- _Task objective_
Give the records back exactly as written, but without the images.

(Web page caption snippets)
□ □ □ □ □

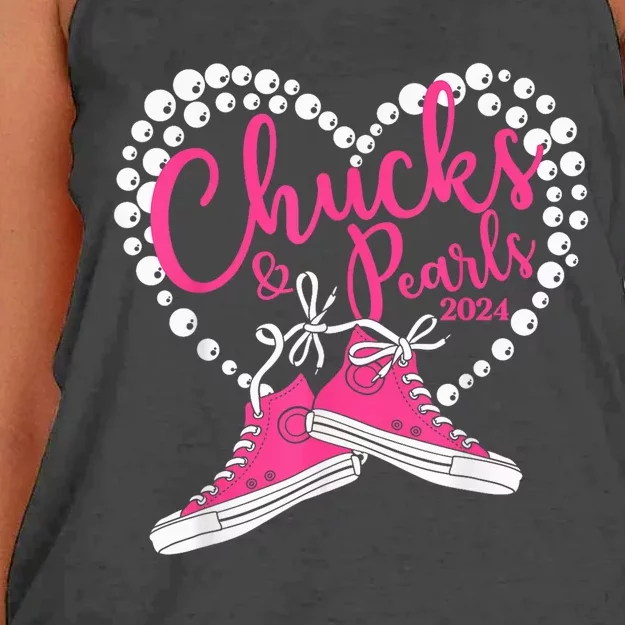 Chucks And Pearls 2024 IM With Her Kamala 2024 Women's Knotted Racerback Tank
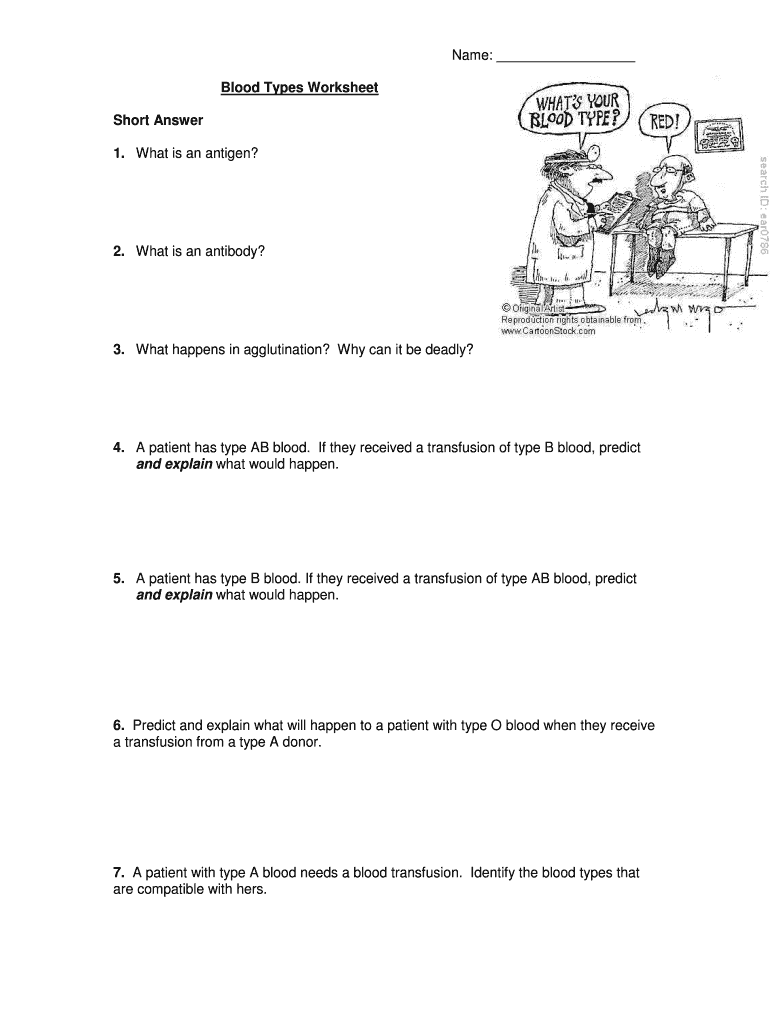 Blood Types Worksheet Short Answer Answers  Form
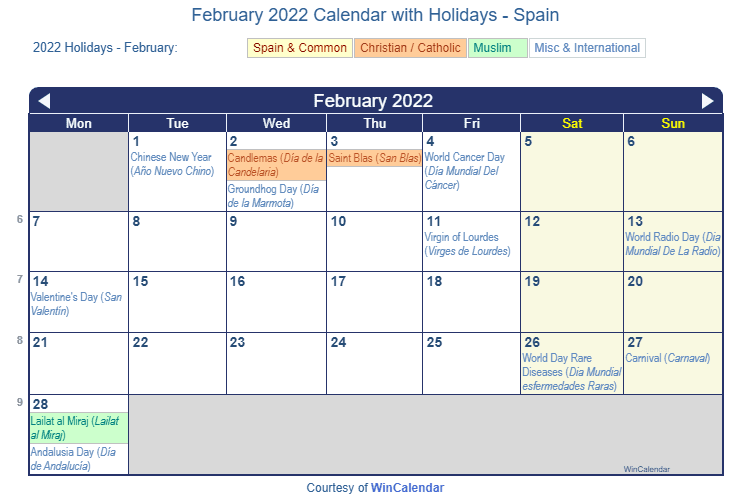 February 2022 Calendar with Spain Holidays to Print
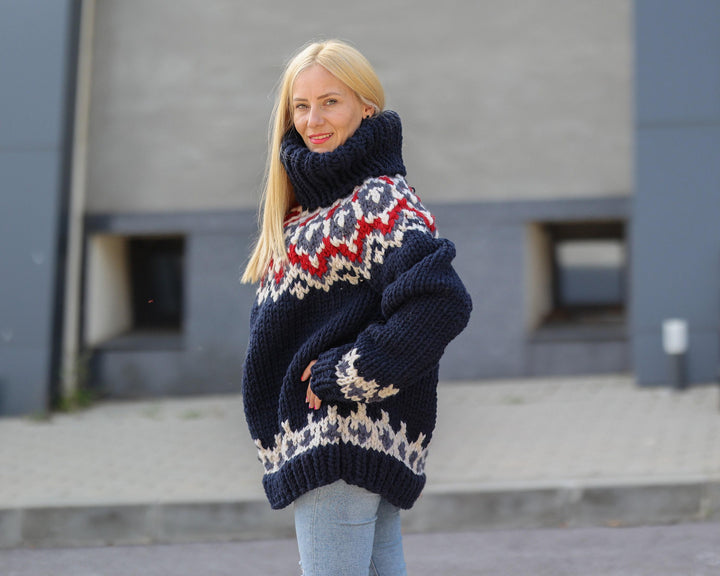 6 Strands Itchy wool Nordic Sweater, Hand Knitted Chunky sweater T1497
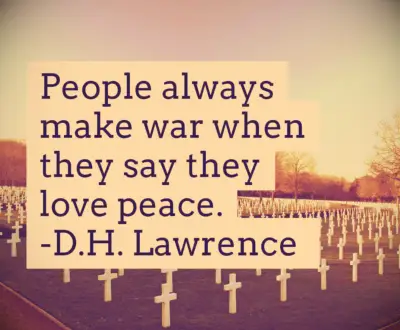 DH Lawrence peace quote 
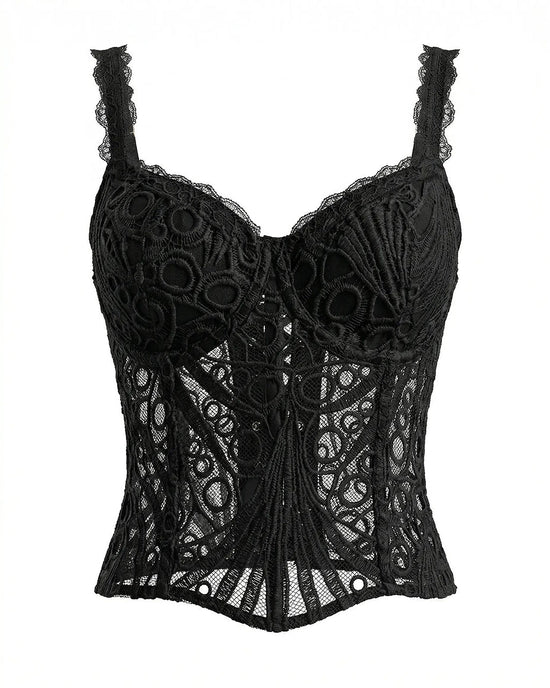 Black Lace Spaghetti Strap Embroidered Corset Crop Top OMFORT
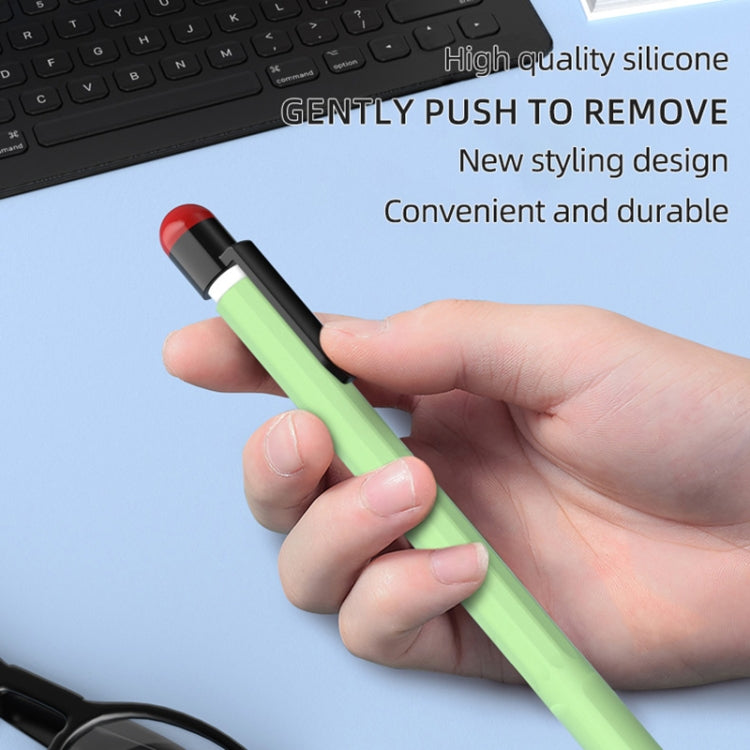For Apple Pencil 2 Pen Clip Silicone Stylus Pen Protective Case(Sky Blue)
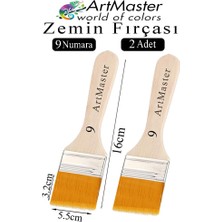 ArtMaster Zemin Fırçası 9 Numara 2 Adet Boya Fırçası Sentetik Ipek Uçlu Kıl Akrilik Guaj Yağlı Boya Fırçası Zemin Fırça No:9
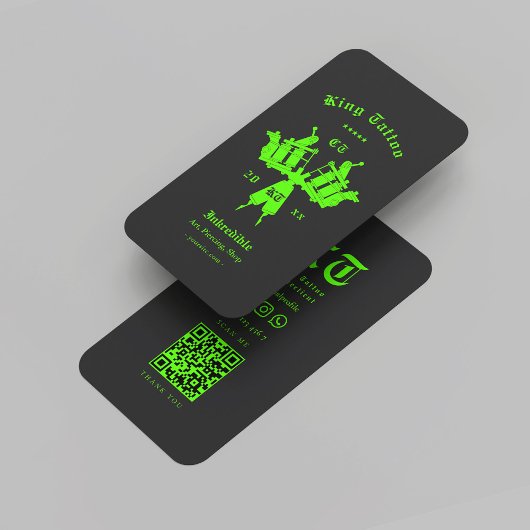 Modern Tattoo Artist Monogram Black Neon Green Visitenkarte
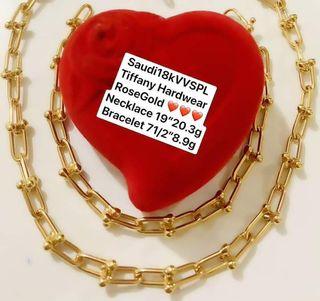 RoseGold Tiffany Hardwear necklace and Bracelet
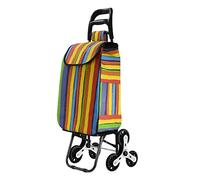 YFSMBD Chariot de Course | Chariot marché 6 Roues - 3 Roues de Chaque côté | 2 en 1 Poussette marché Pliable et Diable | Caddie Panier Montant escalier, 40 L (C)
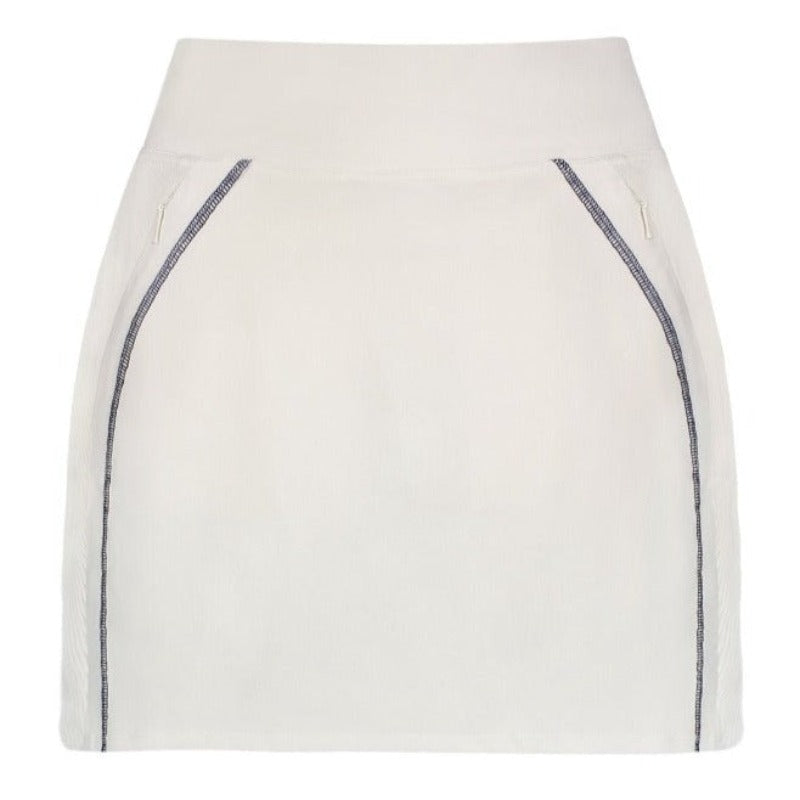 Product image of the Linen White Stretch Jersey Impact Nova Skort, featuring roomy side and back zip pockets, custom contrast color top stitching and rib trim accents on the side.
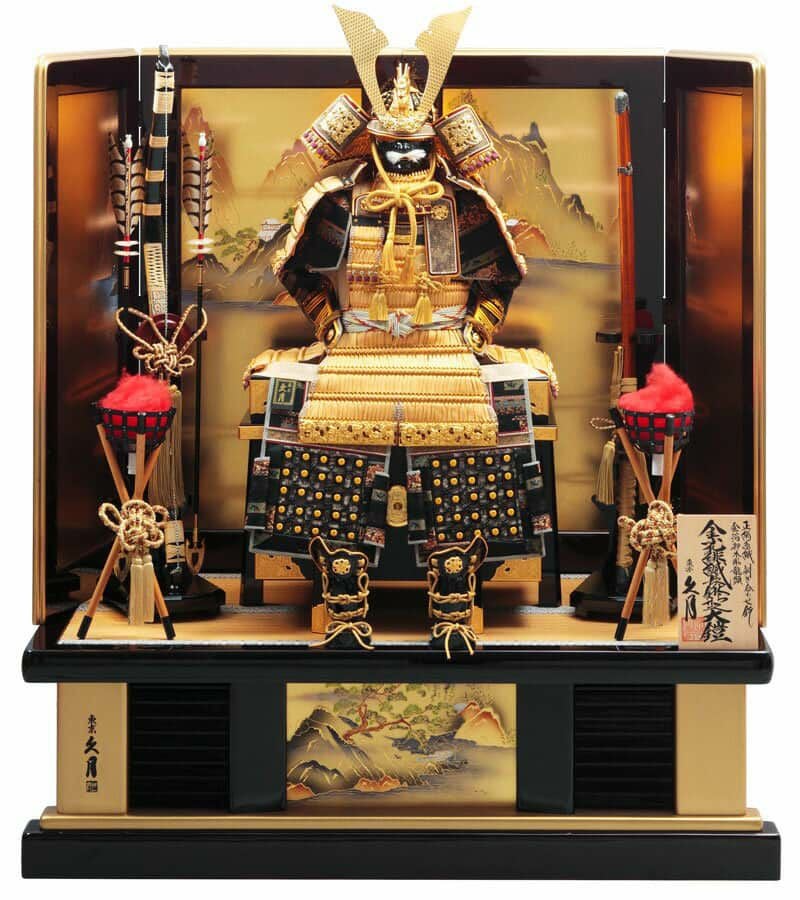 五月人形 久月 鎧平飾り 鎧飾り 高床飾り 金小札 正絹緋縅 15号 長鍬形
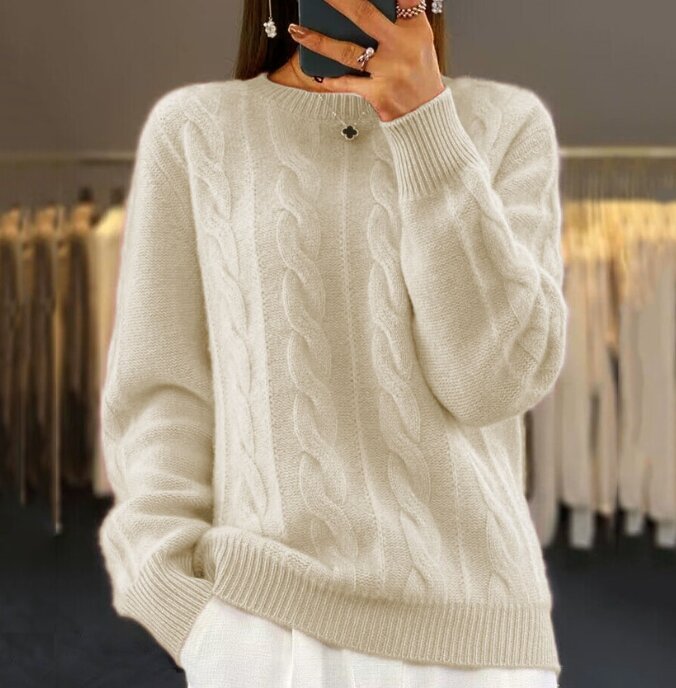 Женские плетеные ткани, зима 2023, свежий и милый Повседневный однотонный пуловер в стиле ретро с крючком и круглым вырезом, вязаный свитер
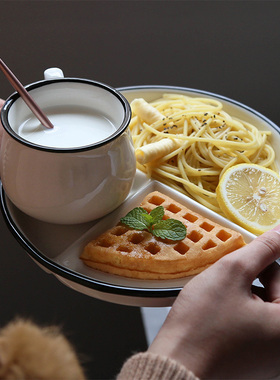 Ceramic plate one person dinner set Japanese creative white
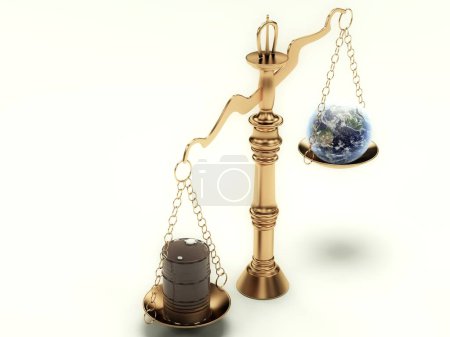Photo for 3 d rendering of earth globe and oil container on the scales - Royalty Free Image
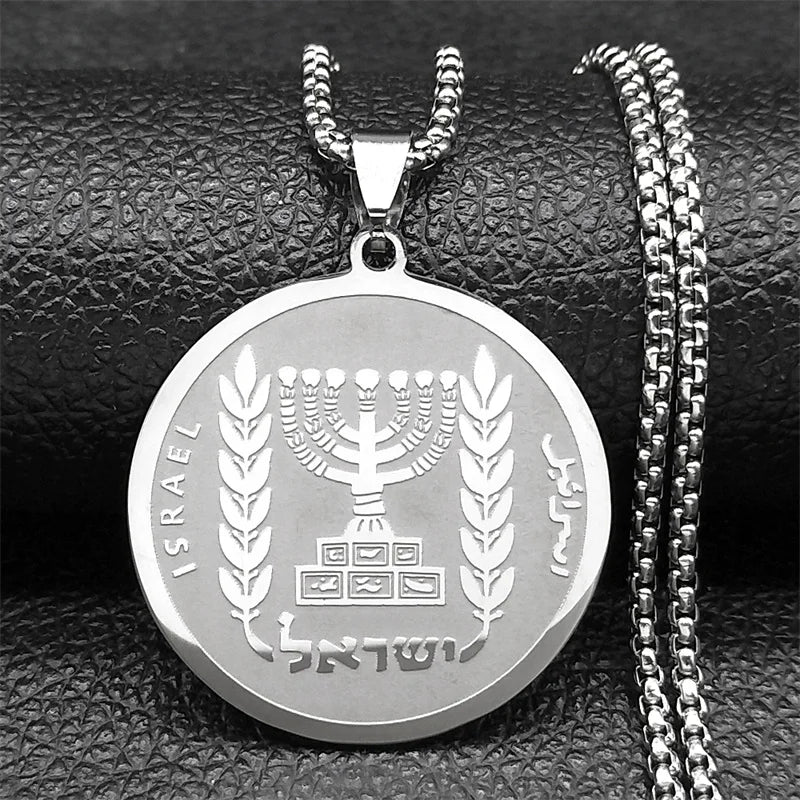 Jewish Bible Stainless Steel Hexagram Chain Necklace Women/Men 72 Names Of The God Moses Necklaces Mezuzah Jewelry collier N227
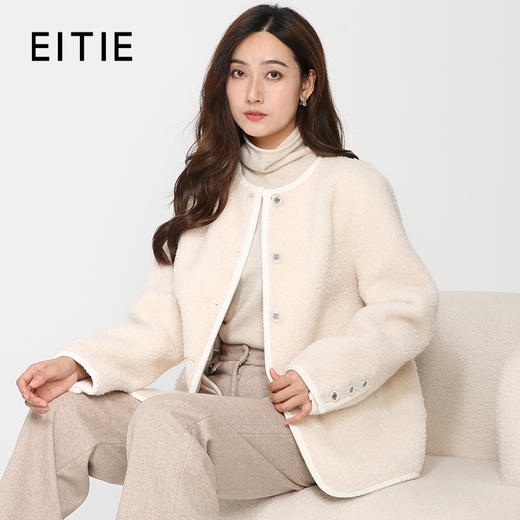 EITIE爱特爱时尚保暖毛绒羊剪毛大口袋气质圆领短外套冬新款D2403415 商品图0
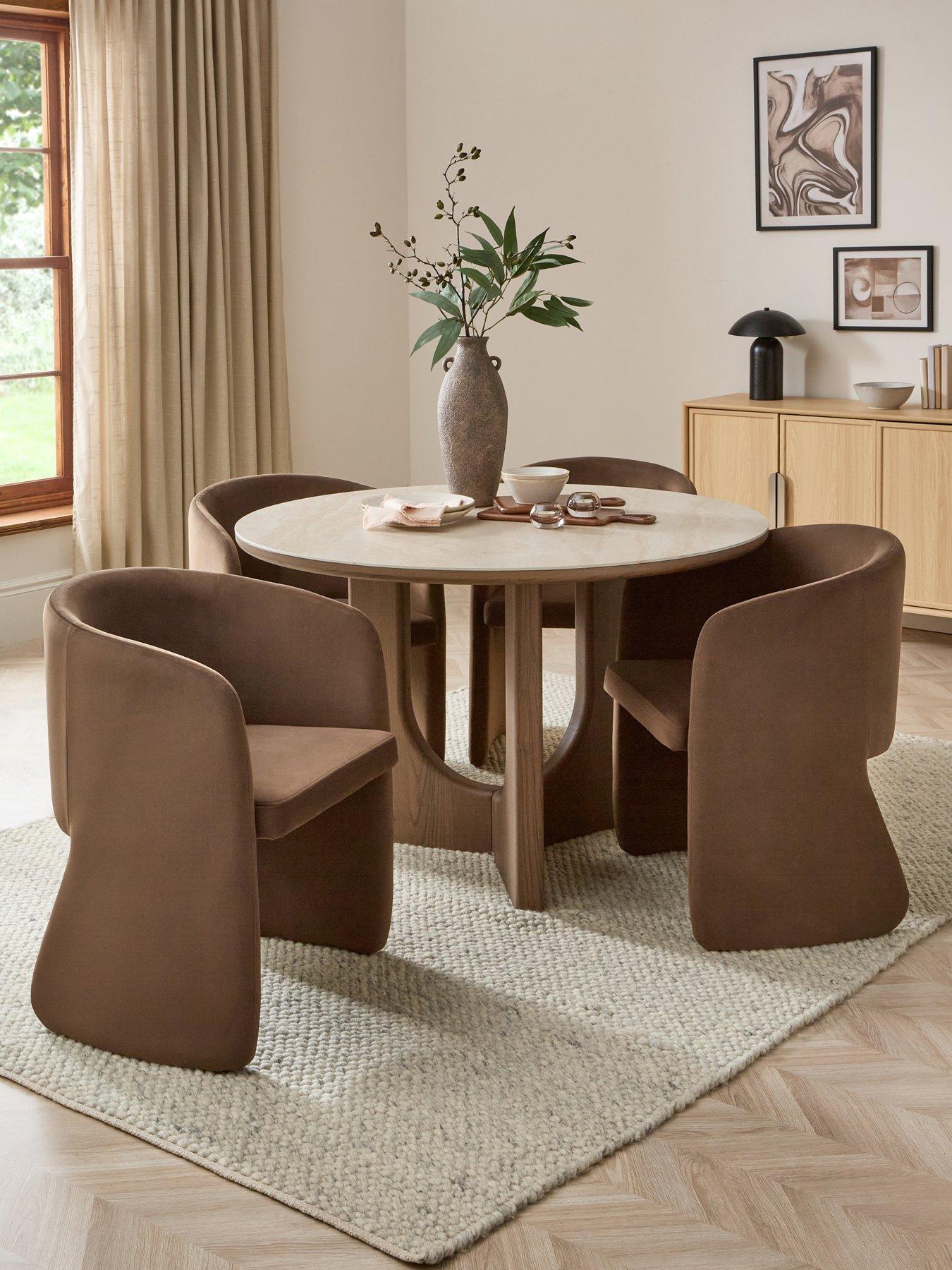 Esta 120cm Round Dining Table &amp;amp; 4 Arlo Dining Chairs - Fsc&amp;reg; Certified - Chocolate/walnut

□ □ □ □ □

- _Solution to the problem_
 Chucks And Pearls 2024 IM With Her Kamala 2024 Women's Knotted Racerback Tank
 Blood Types Worksheet Short Answer Answers  Form
 February 2022 Calendar with Spain Holidays to Print
 6 Strands Itchy wool Nordic Sweater, Hand Knitted Chunky sweater T1497
 DH Lawrence peace quote 
 Black Lace Spaghetti Strap Embroidered Corset Crop Top OMFORT
For Apple Pencil 2 Pen Clip Silicone Stylus Pen Protective Case(Sky Blue)
 ArtMaster Zemin Fırçası 9 Numara 2 Adet Boya Fırçası Sentetik Ipek Uçlu Kıl Akrilik Guaj Yağlı Boya Fırçası Zemin Fırça No:9
 Modern Tattoo Artist Monogram Black Neon Green Visitenkarte
 RoseGold Tiffany Hardwear necklace and Bracelet
 YFSMBD Chariot de Course | Chariot marché 6 Roues - 3 Roues de Chaque côté | 2 en 1 Poussette marché Pliable et Diable | Caddie Panier Montant escalier, 40 L (C)
 Product image of the Linen White Stretch Jersey Impact Nova Skort, featuring roomy side and back zip pockets, custom contrast color top stitching and rib trim accents on the side.
 五月人形 久月 鎧平飾り 鎧飾り 高床飾り 金小札 正絹緋縅 15号 長鍬形
 Женские плетеные ткани, зима 2023, свежий и милый Повседневный однотонный пуловер в стиле ретро с крючком и круглым вырезом, вязаный свитер
 Ceramic plate one person dinner set Japanese creative white
Photo for 3 d rendering of earth globe and oil container on the scales - Royalty Free Image
 Jewish Bible Stainless Steel Hexagram Chain Necklace Women/Men 72 Names Of The God Moses Necklaces Mezuzah Jewelry collier N227
 EITIE爱特爱时尚保暖毛绒羊剪毛大口袋气质圆领短外套冬新款D2403415 商品图0
 Esta 120cm Round Dining Table &amp;amp; 4 Arlo Dining Chairs - Fsc&amp;reg; Certified - Chocolate/walnut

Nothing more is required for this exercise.